Facebook uses AI to auto-generate optimized kernels, reducing dev time
2026. január 5. · MI Történik? · 3 perc olvasás
Facebook researchers have published details on KernelEvolve, a software system which uses AI to automate the design of new kernels to optimize AI models for serving ads on the company’s network of web platforms. KernelEvolve is a neat example of how AI systems have got good enough to automate and speed up parts of AI development - here, the design of kernels to optimize inference of hundreds of different models running on multiple chip architectures.
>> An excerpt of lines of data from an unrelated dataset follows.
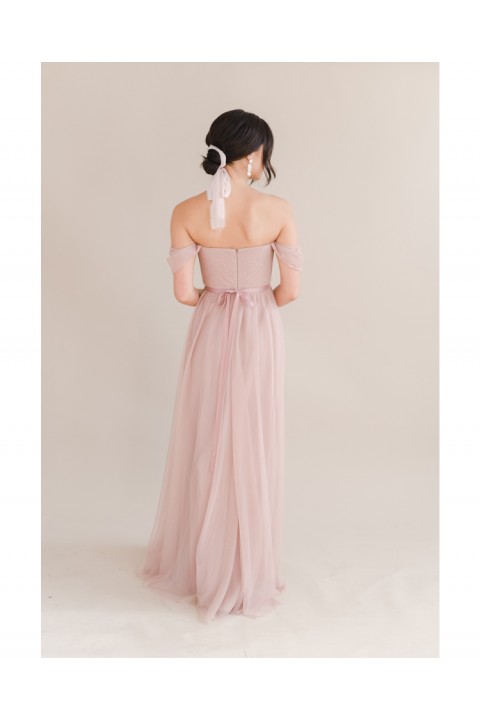 Pink Off Shoulder Sweetheart Neck High Waist Chiffon Bridesmaid Dress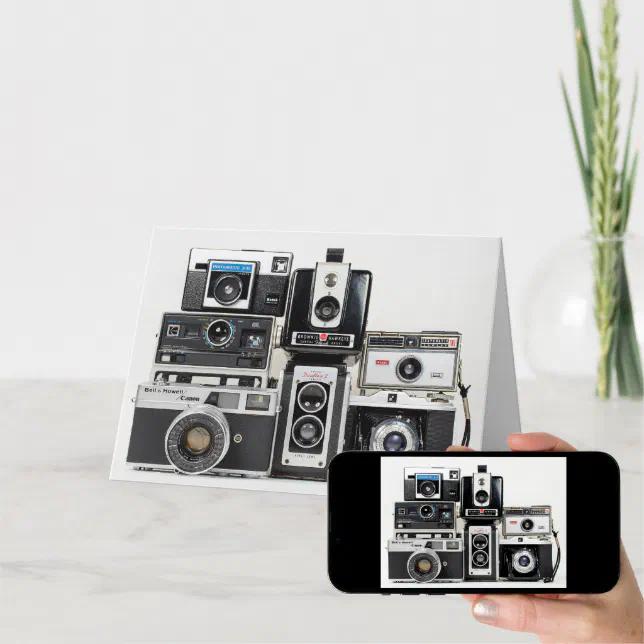 retro camera collection card Zazzle
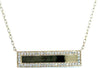 ESTATE .30CT DIAMOND 18KT YELLOW GOLD 3D CLASSIC RECTANGULAR BAR FUN NECKLACE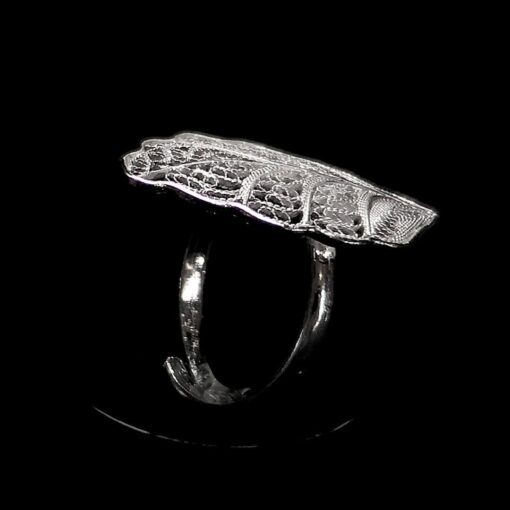 Handmade Ring "Riverleaf" Filigree Silver Jewelry from Cyprus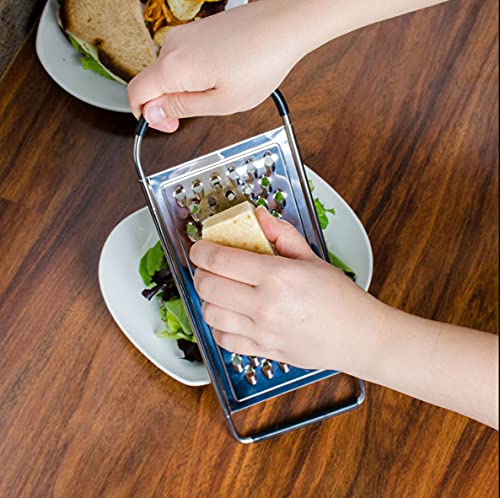 Metal Magery Stainless Steel Extra Course Handheld Non Slip Flat Grater Ideal For Vegetables, Cheese, Eggs #TOP4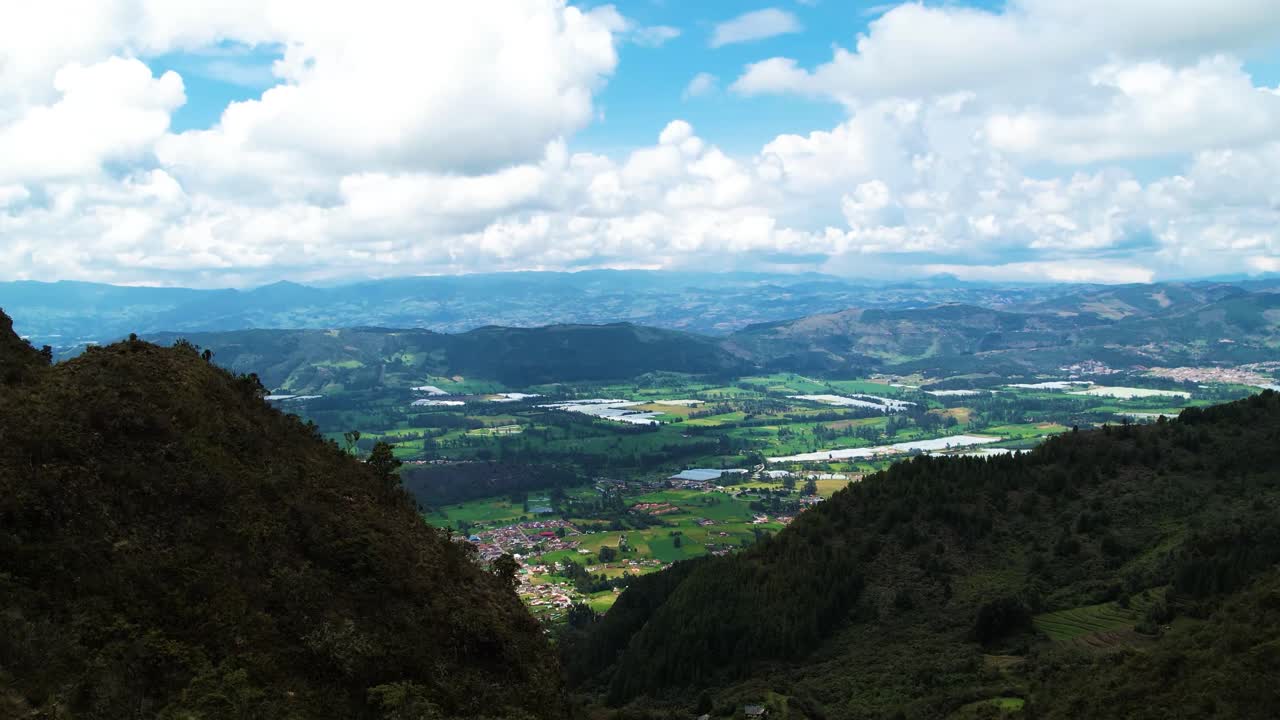 vista aérea del campo en cundinamarca, colombia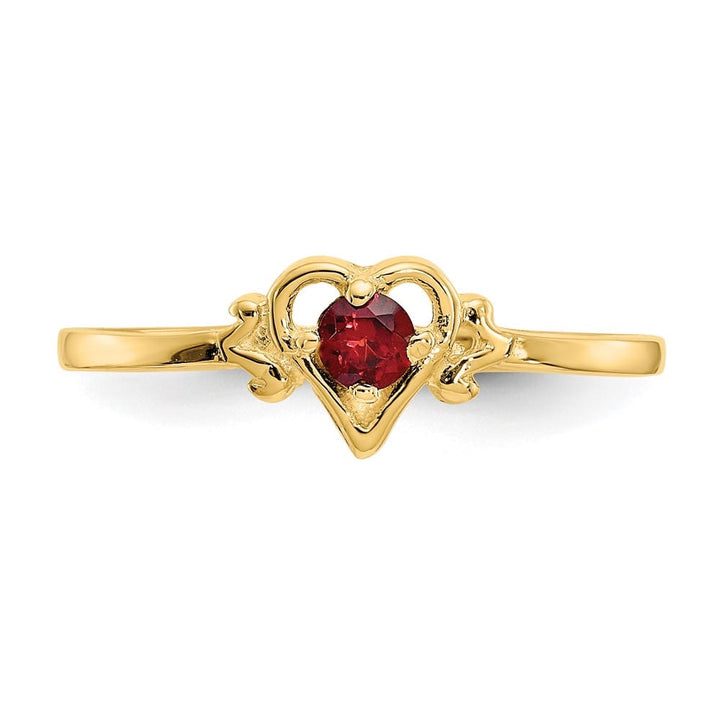 14k Yellow Gold 3 mm Round Garnet Birthstone Heart Ring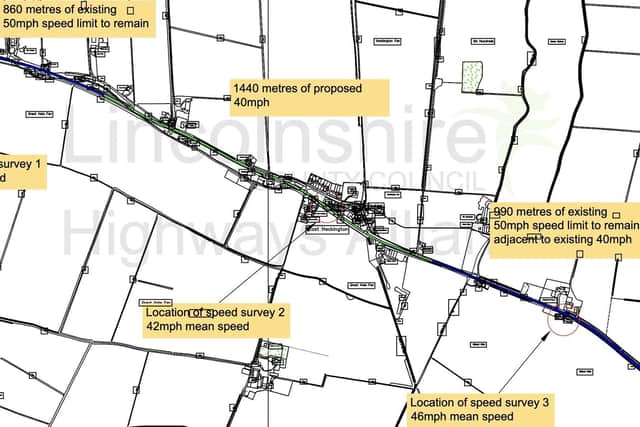 A map showing the results of speed surveys and proposals for a reduced speed limit on the A17 at East Heckington.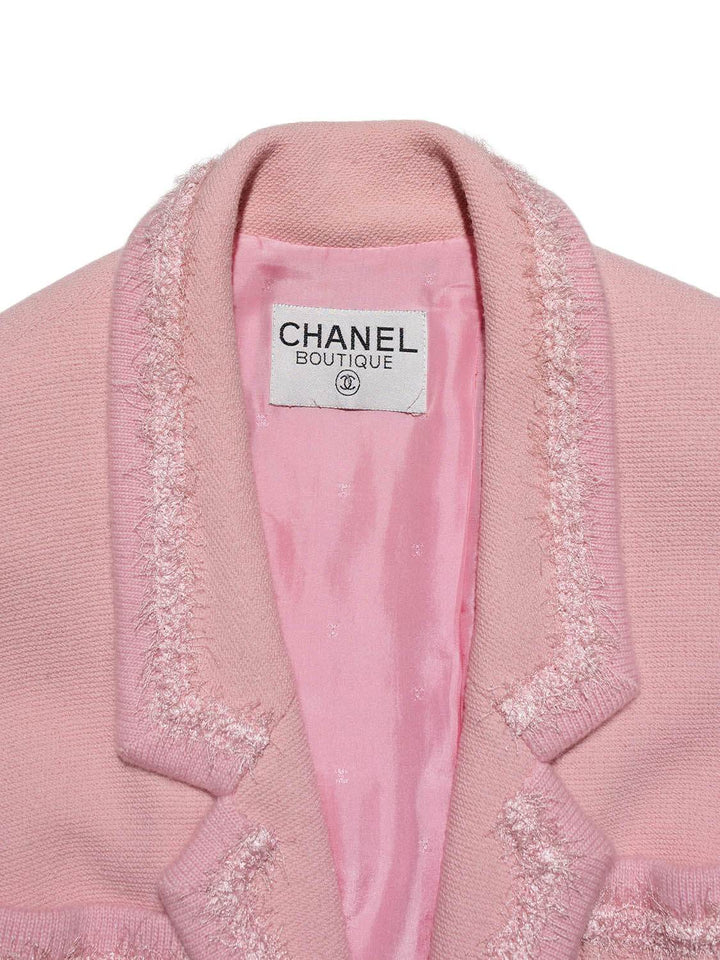 Top Quality Chanel Tweed Fringe Fitted Jacket Pink
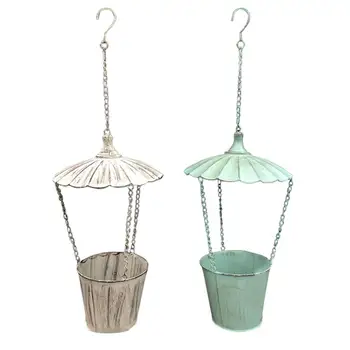 

Iron Parachute Hanging Basket Retro Country Style Planter Rack Decorative Basin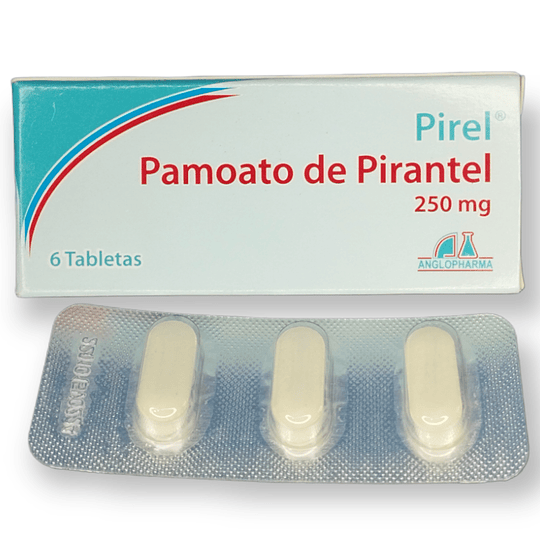 PIREL 250 MG X 6 TAB- PAMOATO DE PIRANTEL 250 MG- ANGLOPHARMA- VTO 26- UBI 2-E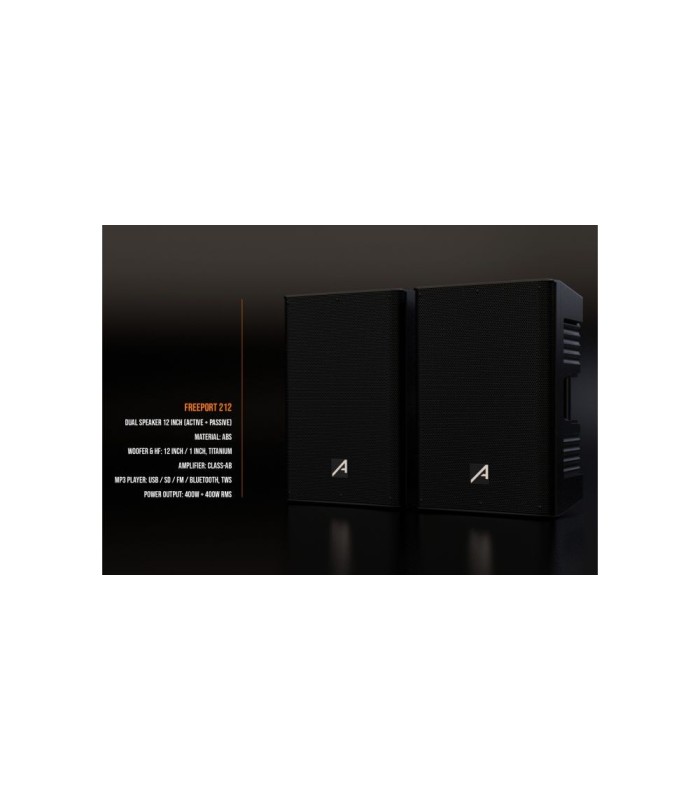 SET 2 ALTAVOCES AUDIBAX FREEPORT 212 12" 400W + 400W RMS - UBS-SD-BLUETOOTH-TWS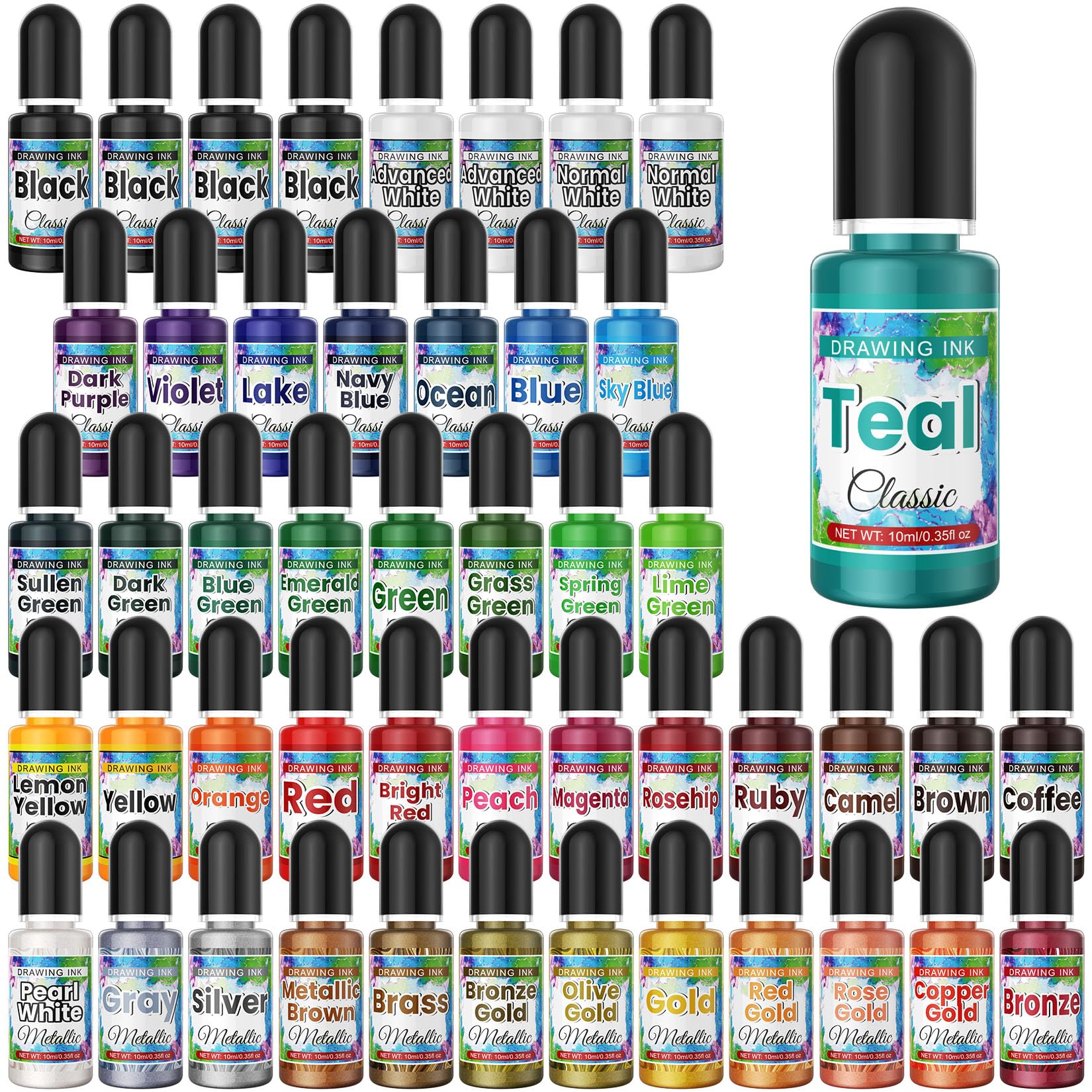 Photo 1 of Alcohol Ink Set - 48 Bottles Vibrant Colors High Concentrated Alcohol-Based Ink, Concentrated Epoxy Resin Paint Color Dye Great for Resin Petri Dish, Coaster, Painting, Tumbler Cup Making(10ml Each)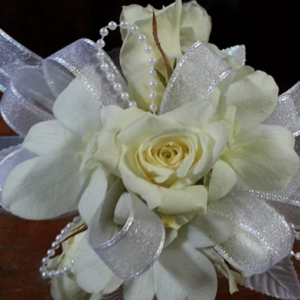 White Roses Orchids Silver Ribbon Corsage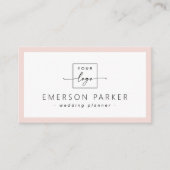 Blush pink border white modern minimalist add logo visitenkarte (Vorderseite)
The software is “designed to take kernel specifications as input and automate the process of kernel generation and optimization for recommendation model across heterogeneous hardware architectures through multiple programming abstractions, including Triton, CuTe DSL, and low-level hardware diagnostic languages, spanning the full hardware-software optimization stack”. The core of the software is a system to take in a user request (e.g, “Generate a Triton kernel for MTIA v3”) which then goes through a mixture of internal (Llama, CWM) and external (GPT, Claude) language models, which then produce candidate kernels that get evaluated through a variety of tools and, if they’re good, are added to an external knowledge database which then gets used to further improve future prompts.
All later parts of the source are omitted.